AverageWhiteBloke said:


> So, my best guess would be to add a little more ferts than usual


You mean double dose? If so, both Micros and Macros?



AverageWhiteBloke said:


> reduce your lighting to maybe 5.5/6 hours a day


My photo period is now already at 6 hours but with 50% less intensity. Maybe I can bring photoperiod to 5 hours? Is this OK?



AverageWhiteBloke said:


> if you've run EI up to this point they probably will have reserves they can draw on





AverageWhiteBloke said:


> If you don't fancy the Osmocote_ get a commercial root tab which__ releases slower over a time period in the gravel_


My tank's substrate is ADA's Amazonia aqua soil. I think it can act as a reserve for some time. Right?



AverageWhiteBloke said:


> Reduce the demand by reducing lighting(not totally off), give them a little more than usual.
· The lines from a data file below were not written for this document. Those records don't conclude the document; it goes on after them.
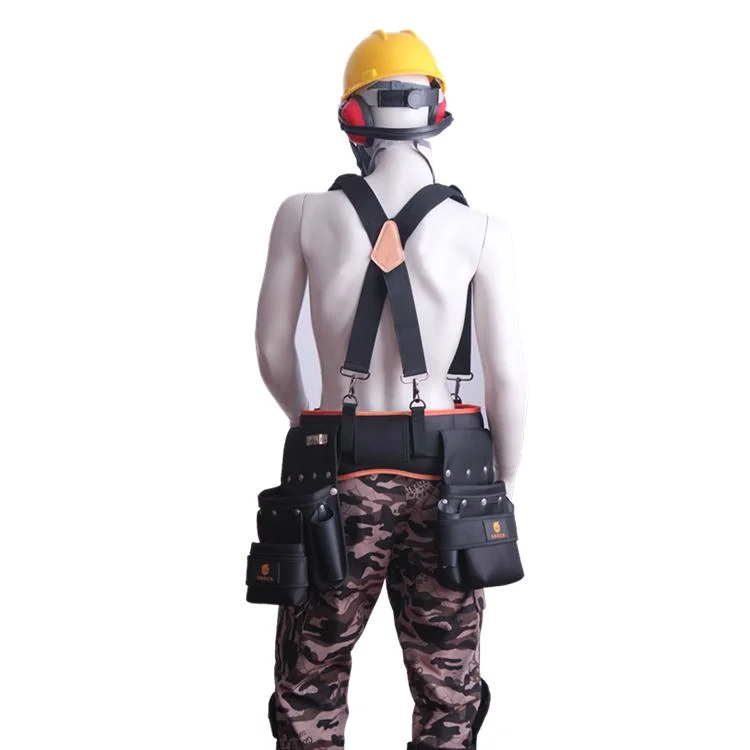 Hot Sale X-Back Tool Belt 4 Point 360 Degree Hook Padder Suspender Work Elastic Suspenders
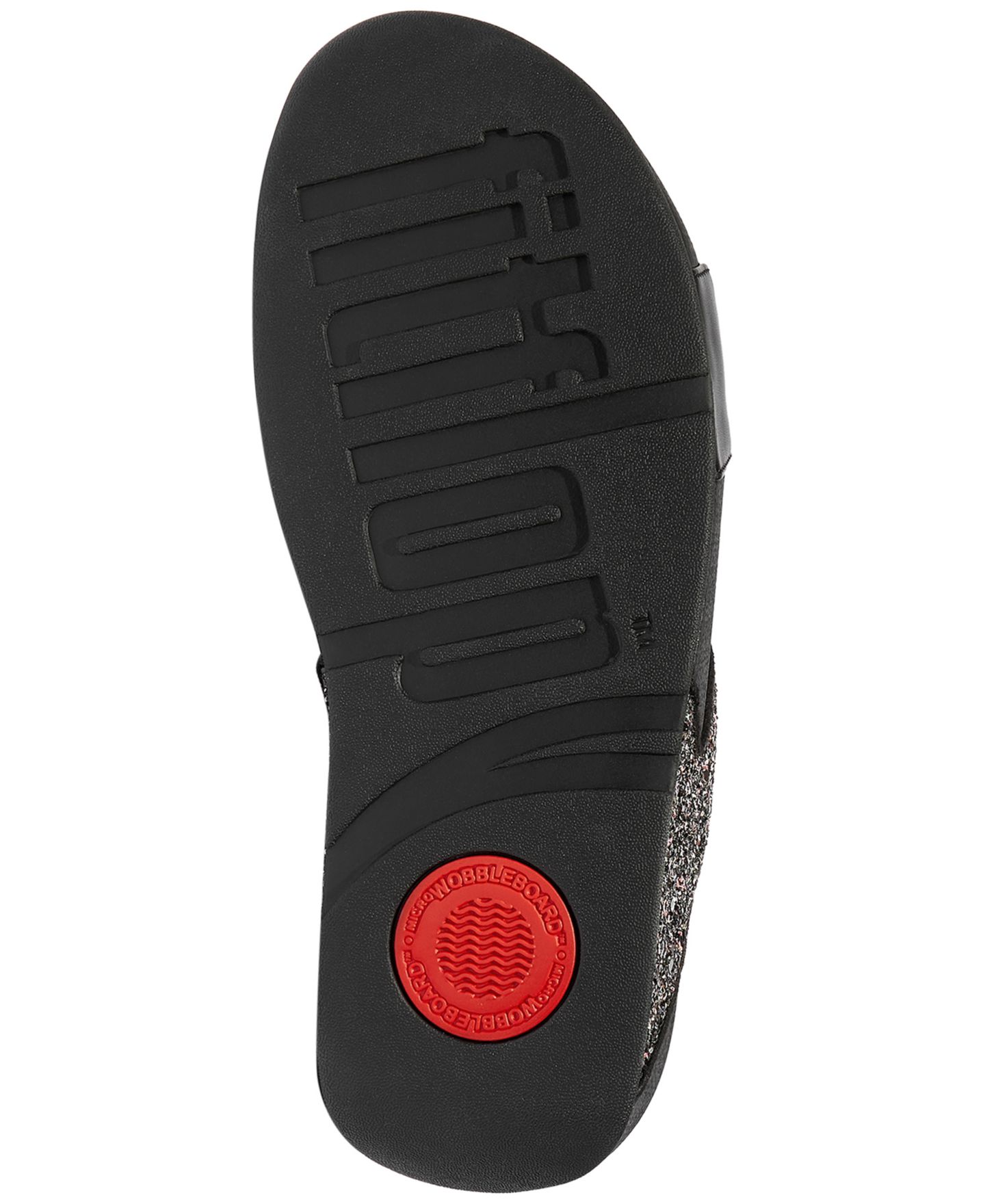 Женские сандалии FitFlop Lulu Multi-Tonal Glitter Wedge, цвет: Чёрный разноцветный — фото 5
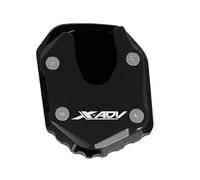 Almohadilla Extensión Soporte Lateral Motocicleta Placa Ampliadora CNC Para Honda X-ADV 750 2021 2022 2023 2024 2025(BK)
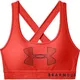 Dámska športová podprsenka Under Armour Crossback Graphic - Radio Red / Radio Red / Black - Radio Red / Radio Red / Black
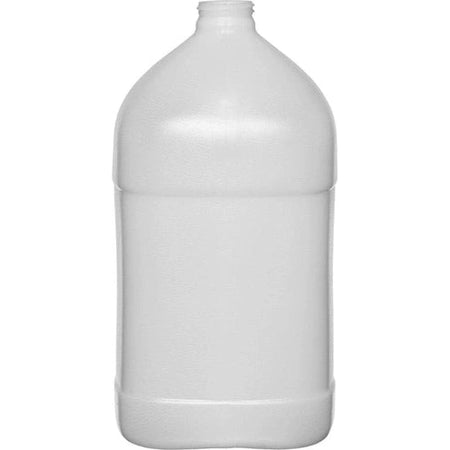 Maven 1 Gallon Natural HDPE Plastic Square Jug & Child-Proof Cap , 38mm 38-400, 130 Grams PerigeeDirect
What do you mean by "_give them a little more than usual_"? I don't get it.



AverageWhiteBloke said:


> Put amount of food in a lid of the food tub and say give them same as that every couple of days.


My Eheim auto feeder failed to dispense food flake ( especially Ocean Nutrition brand) as the flakes tend to clump together. Even today, I thought the fish were fed by the auto feeder but to my surprise they were not.

So starting today, I testing out with New Life Spectrum brand's food granules at 2 feeds per day at 6 hours interval each. I tested out the quantity on the fish and all food was gone by 15 seconds.



AverageWhiteBloke said:


> Just had an after thought. If you say are going to knock 2 hours or so off your lighting I would also do the same with the co2


But no harm in having it on for the normal 6 hours, right?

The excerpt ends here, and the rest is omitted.